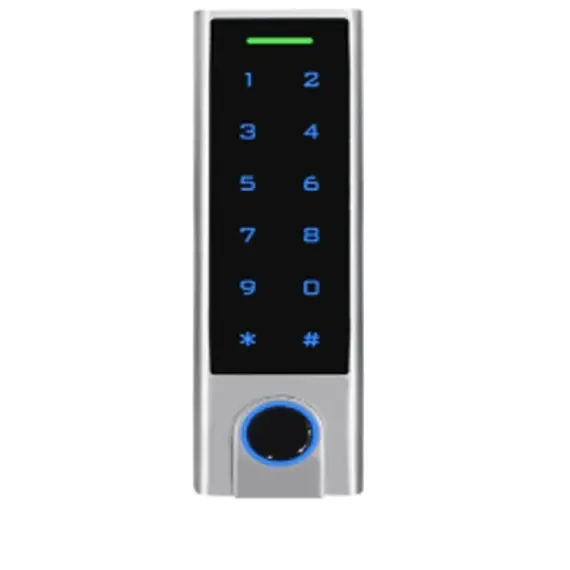 HONNOR SECURITY HS-210E-Tuya-WIFI – Intelligens ujjlenyomat-olvasó és kódzár (WIFI + Tuya támogatás)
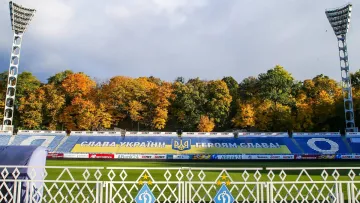 Фуд-корти, розваги та яскрава фан-зона: Динамо закликало вболівальників прийти на матч із Шахтарем завчасно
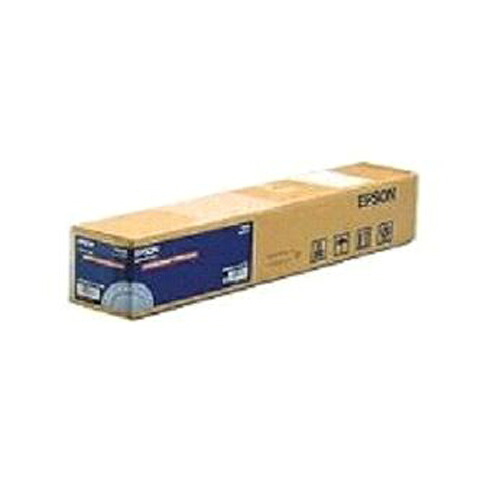 エプソン プロフェッショナルフォトペーパー(厚手光沢) 1 本 PXMC24R1 文房具 オフィス 用品【送料無料】｜リコメン堂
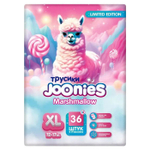 Трусики Joonies Marshmallow XL (12-17 кг) 36 шт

+---+

> TASK GOAL
Give back all of the data exactly, but not the pictures.

> RESULT BELOW
 HONNOR SECURITY HS-210E-Tuya-WIFI – Intelligens ujjlenyomat-olvasó és kódzár (WIFI + Tuya támogatás)
 Фуд-корти, розваги та яскрава фан-зона: Динамо закликало вболівальників прийти на матч із Шахтарем завчасно
 エプソン プロフェッショナルフォトペーパー(厚手光沢) 1 本 PXMC24R1 文房具 オフィス 用品【送料無料】｜リコメン堂
 Трусики Joonies Marshmallow XL (12-17 кг) 36 шт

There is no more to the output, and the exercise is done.